Exactly as they appear, copy the lines from the one holding "Method Fabric Softener" through the end of the records, leaving pictures out.

■ **DATA FOR ANALYSIS**
((

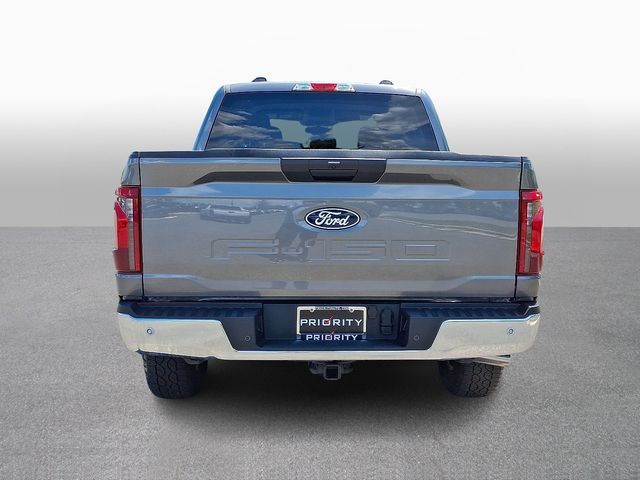 Thumbnail: 2025 Ford F-150 - 5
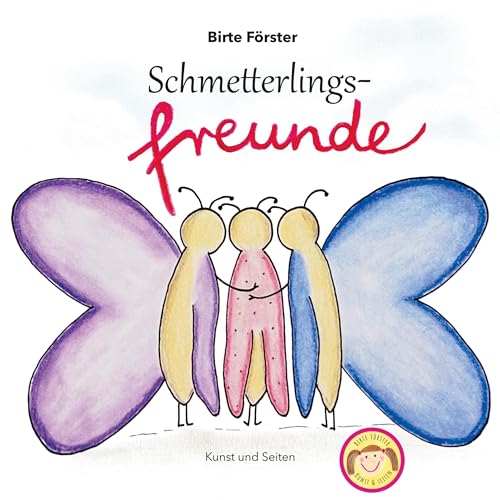 Schmetterlingsfreunde von BoD – Books on Demand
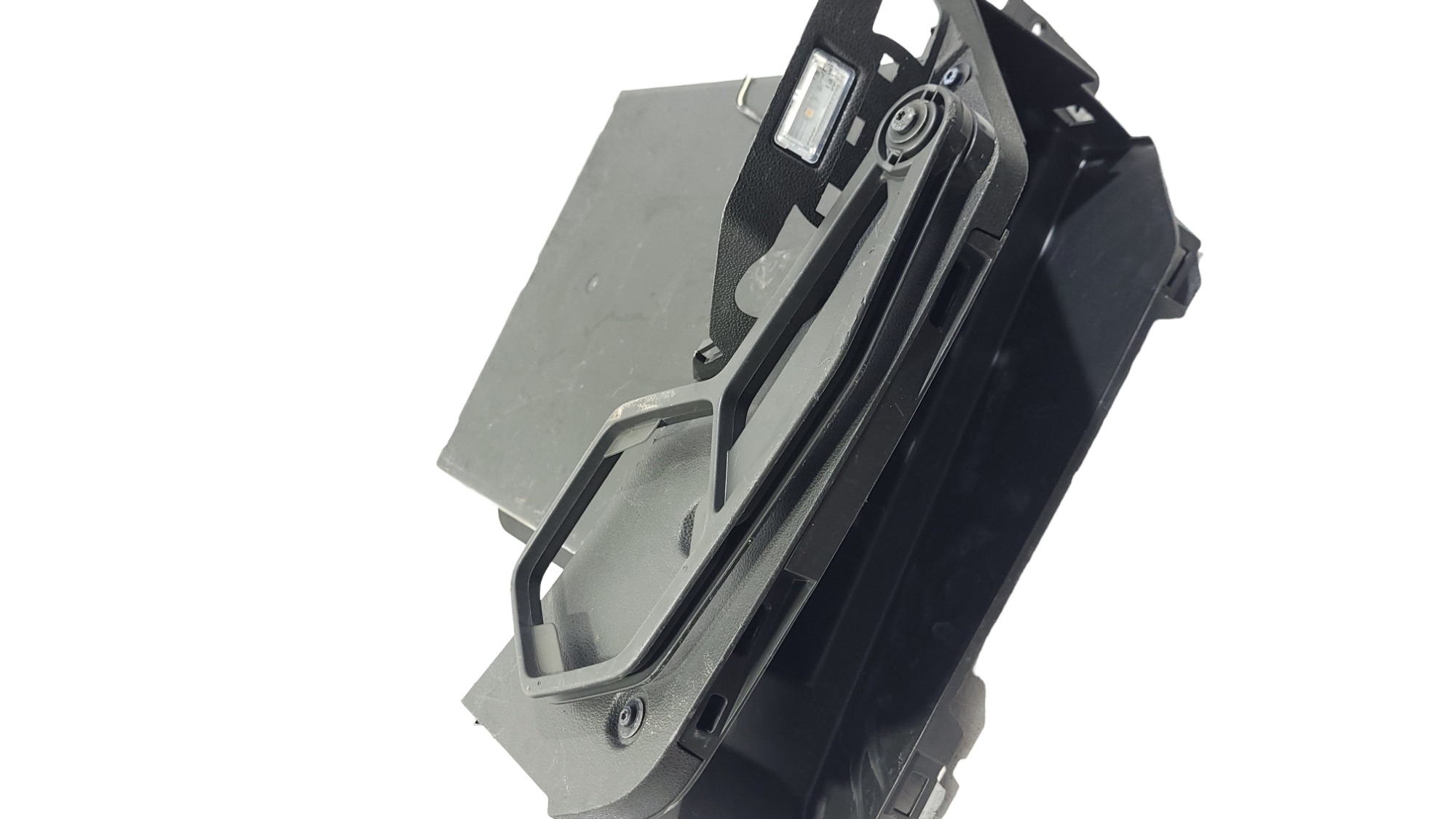 Porta Objetos Console Volvo 82214512 2
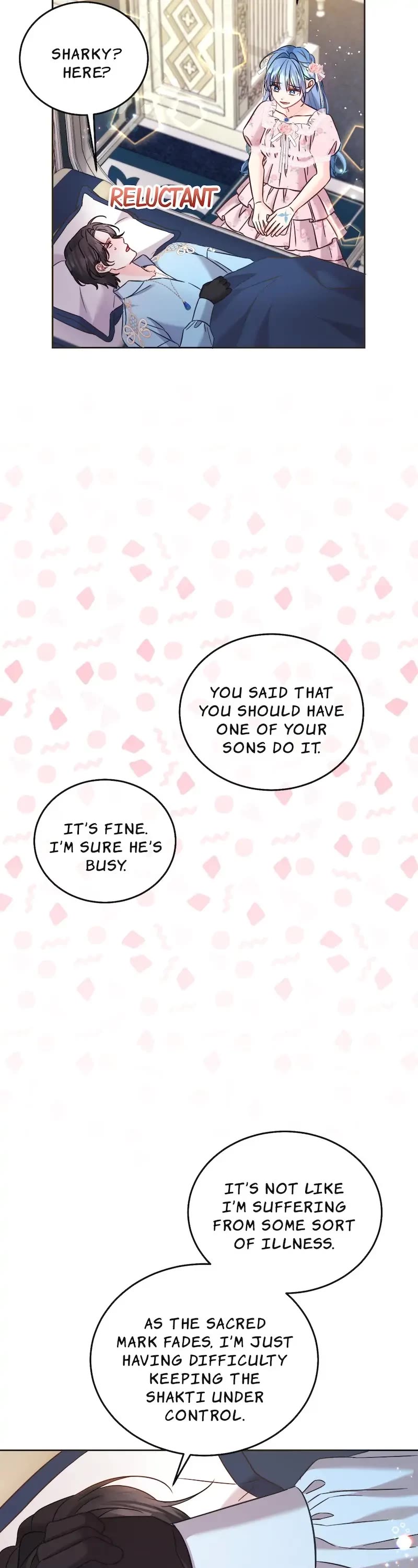 Saving the Villain Who Was Abandoned by the Female Lead Chapter 89 page 6 - Chapter 89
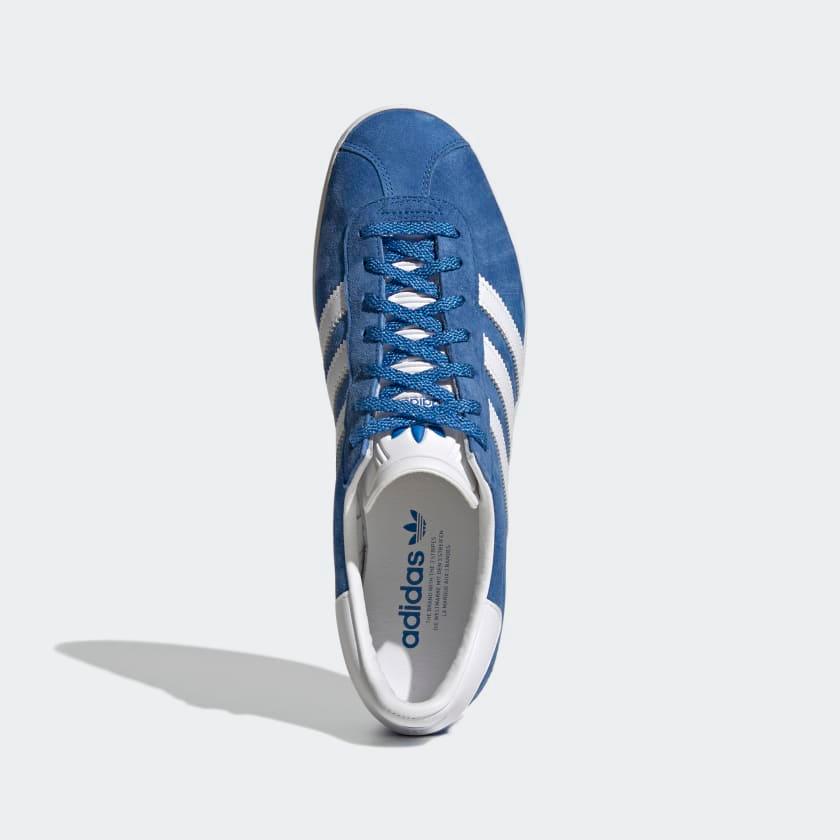 Tênis Adidas Gazelle Og - Fear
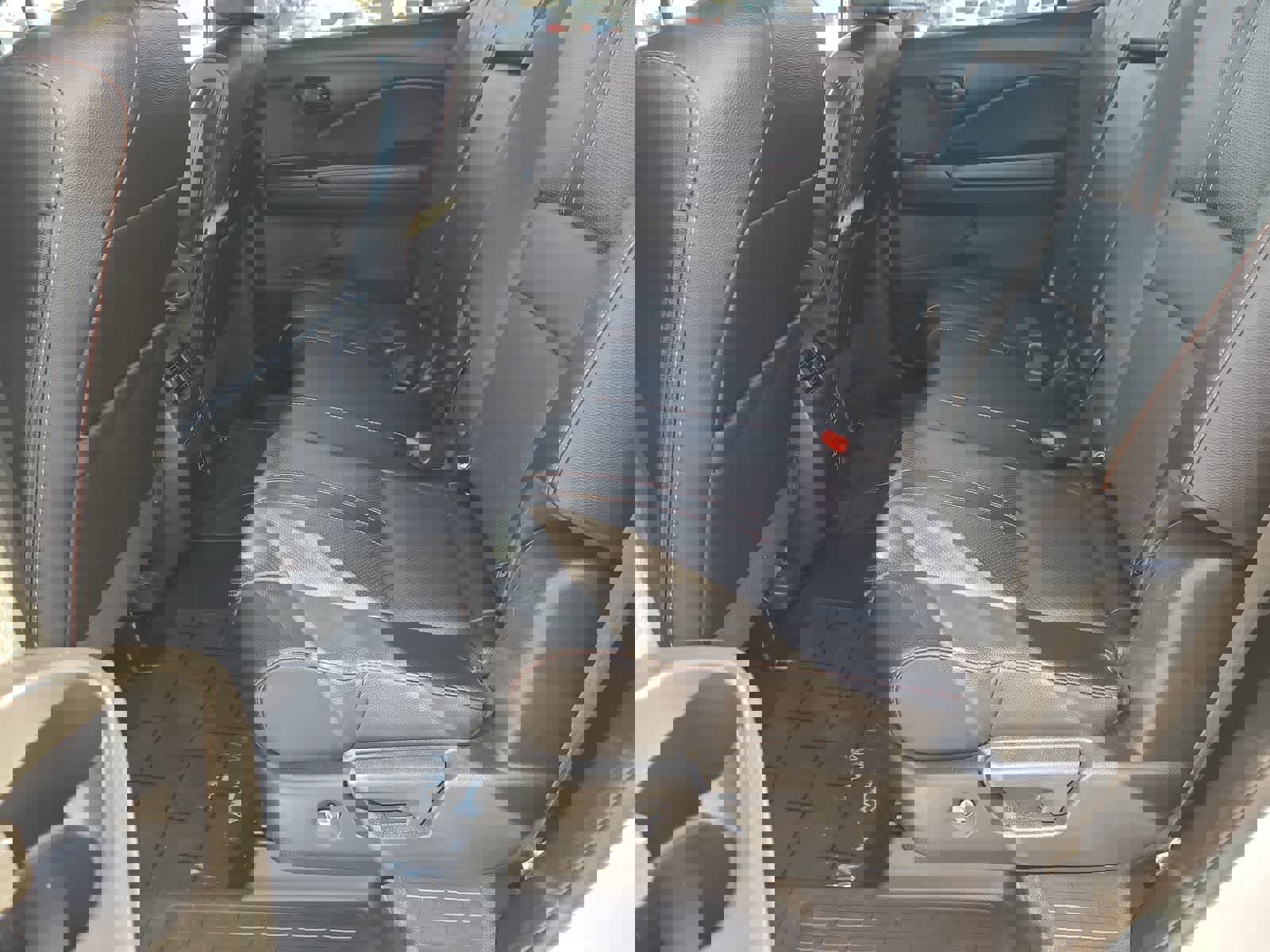 Used 2022 Honda Pilot TrailSport image 21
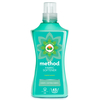 Method Fabric Softener - Tropical Coconut - 1.575L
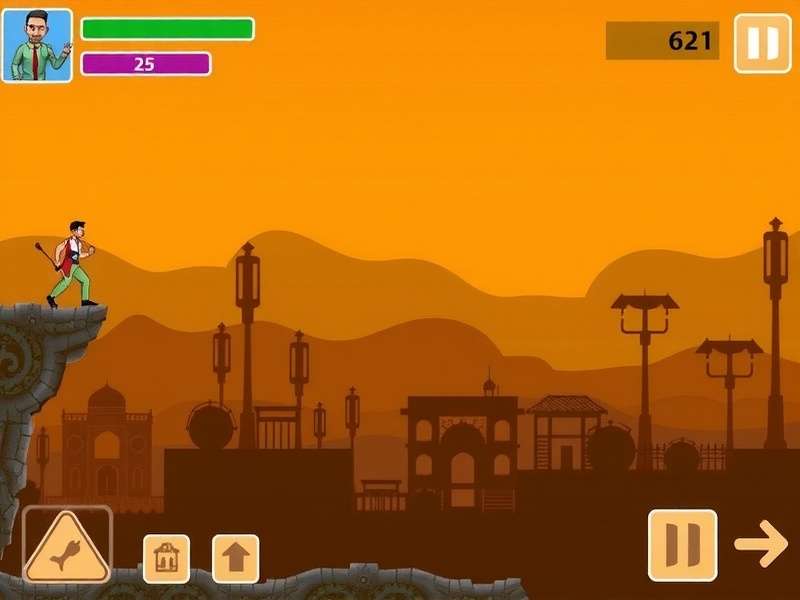 Ludo King game screenshot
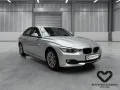 BMW 316 KLIMAAUTOMATIK+BI-XENON+EINPARKHILFE+ALU+TOP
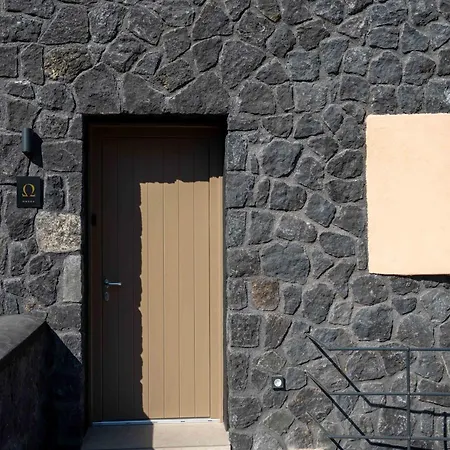 Bay View Residences Santorini * Ακρωτήρι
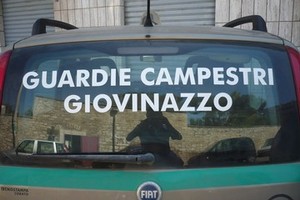 Le Guardie Campestri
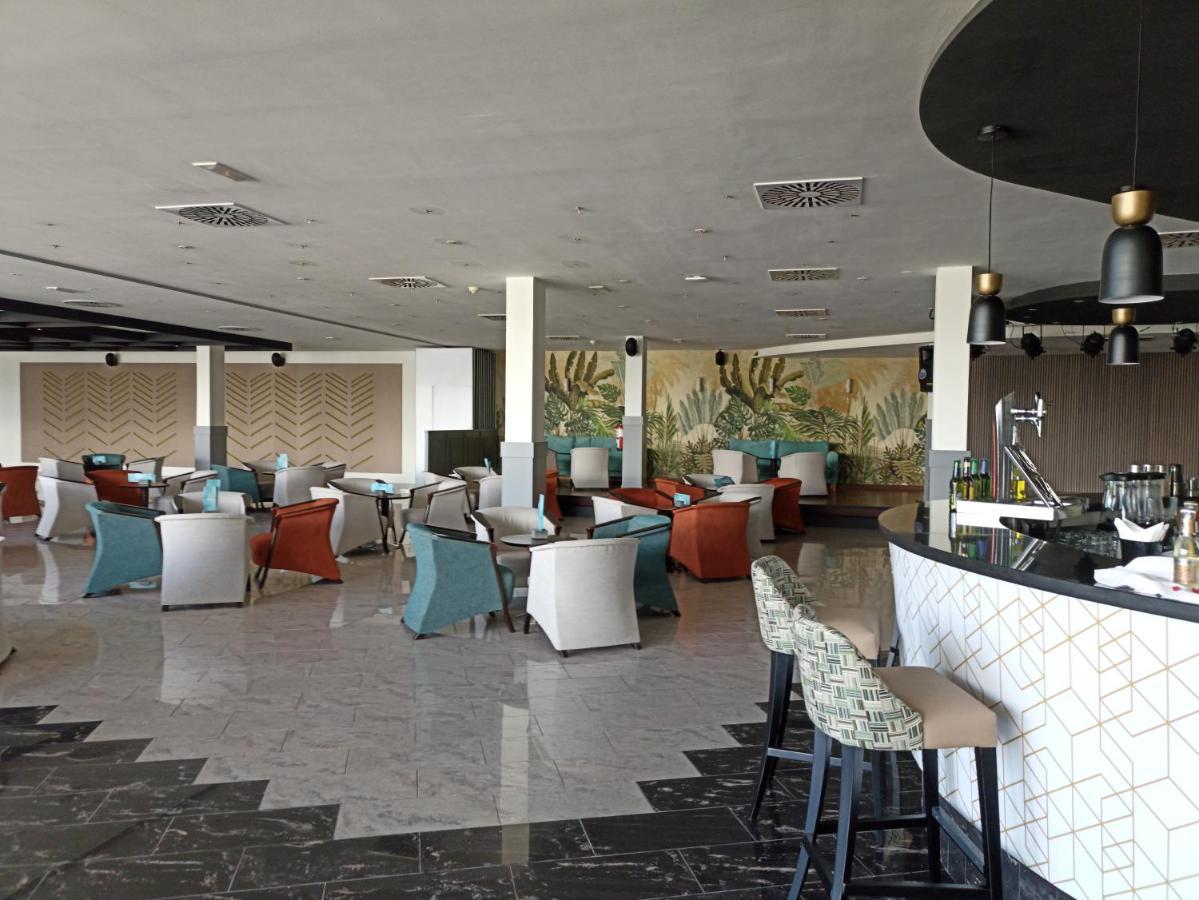 Hotel Las Costas Пуерто-дель-Кармен Екстер'єр фото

))

■ **SOLUTION**
 Method Fabric Softener - Tropical Coconut - 1.575L
 Ludo King game screenshot
 BMW 316 KLIMAAUTOMATIK+BI-XENON+EINPARKHILFE+ALU+TOP
 Bay View Residences Santorini * Ακρωτήρι
 Le Guardie Campestri
 Hotel Las Costas Пуерто-дель-Кармен Екстер'єр фото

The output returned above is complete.